Symbols are taken as plain text in whisper api output

I am using whisper api to convert speech to text. But when I try to provide email id or contact number the symbols like @ or + symbol for country code while giving phone number was printing as plain english text.

For example the audio contains is My email is data@test. com and phone number is +123445.
After using whisper api the out text is showing My email is data at the right test. com and phone number is plus 123445.
How can we solve this problem so that it can show symbol rather than plain text in output?

You cannot.

Not directly anyway.

Whisper is a direct speech-to-text model, it transcribes what it hears, that’s it.

So, if you ask it to transcribe the Tommy Tutone classic, you’re likely to get something like,

86753 oh 9

Out of it.

It’s actually a pretty sophisticated mechanism for humans to be contextually aware enough to know when we hear “at” that we should understand “@” and when we hear “oh” we should understand “0.”

Your current best bet would be to do some post-processing on the text output.

I suggest some regular expressions to identify likely regions of interest then pass that bit to an LLM for correction.

Let’s take your example,

My email is data at the right test. com and phone number is plus 123445.

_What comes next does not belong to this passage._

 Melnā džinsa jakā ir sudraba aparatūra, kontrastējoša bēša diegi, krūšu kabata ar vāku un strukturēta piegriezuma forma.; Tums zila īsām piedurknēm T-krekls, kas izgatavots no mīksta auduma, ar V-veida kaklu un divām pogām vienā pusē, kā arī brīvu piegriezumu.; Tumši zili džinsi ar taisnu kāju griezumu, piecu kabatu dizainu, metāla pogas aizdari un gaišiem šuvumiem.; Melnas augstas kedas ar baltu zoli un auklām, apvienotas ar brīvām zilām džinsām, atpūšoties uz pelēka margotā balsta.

You might use a regex like,

[A-Za-z0-9._+~ -]+(@|at) ?[A-Za-z0-9. -]+?((\.|dot) ?[A-Za-z]{2,} ?)+

to capture any line with a potential email address.

In your example text, this captures,

My email is data at the right test. com

Now if you pass this to a GPT LLM with an appropriate system message you can ask it to correct the error,

https://platform.openai.com/playground/p/qMLuj8ku7jU0FocE0YHDCzif?model=gpt-3.5-turbo

system:

You are a transcription proofreader. Users will provide you with small snippets of text which have been generated by a speech-to-text program. Your job is to correct and normalize this text to convey the meaning intended by the speaker.

Be particularly mindful of potential errors in email addresses where something like “a@b.com” is likely to be transcribed as “a at b. com” or “a at b dot com” and numbers generally like “867-5309” when spoken may be transcribed as “86753 oh 9.”

user:

My email is data at the right test. com

assistant:

My email is data@therighttest.com.

Now, do be mindful, this regex and system message are almost certainly not optional, they’re just what I came up with laying next to my toddler waiting for them to fall asleep.

You would want to spend some time tuning it to your specific use-case, but I believe it’s enough to get you started and on your way.

Incidentally, here is the correction for your whole transcription example.

https://platform.openai.com/playground/p/7lP5zvwzjGeH2trPNeho3xoP?model=gpt-3.5-turbo

I recommend using regular expressions to focus your correction efforts and minimize your costs.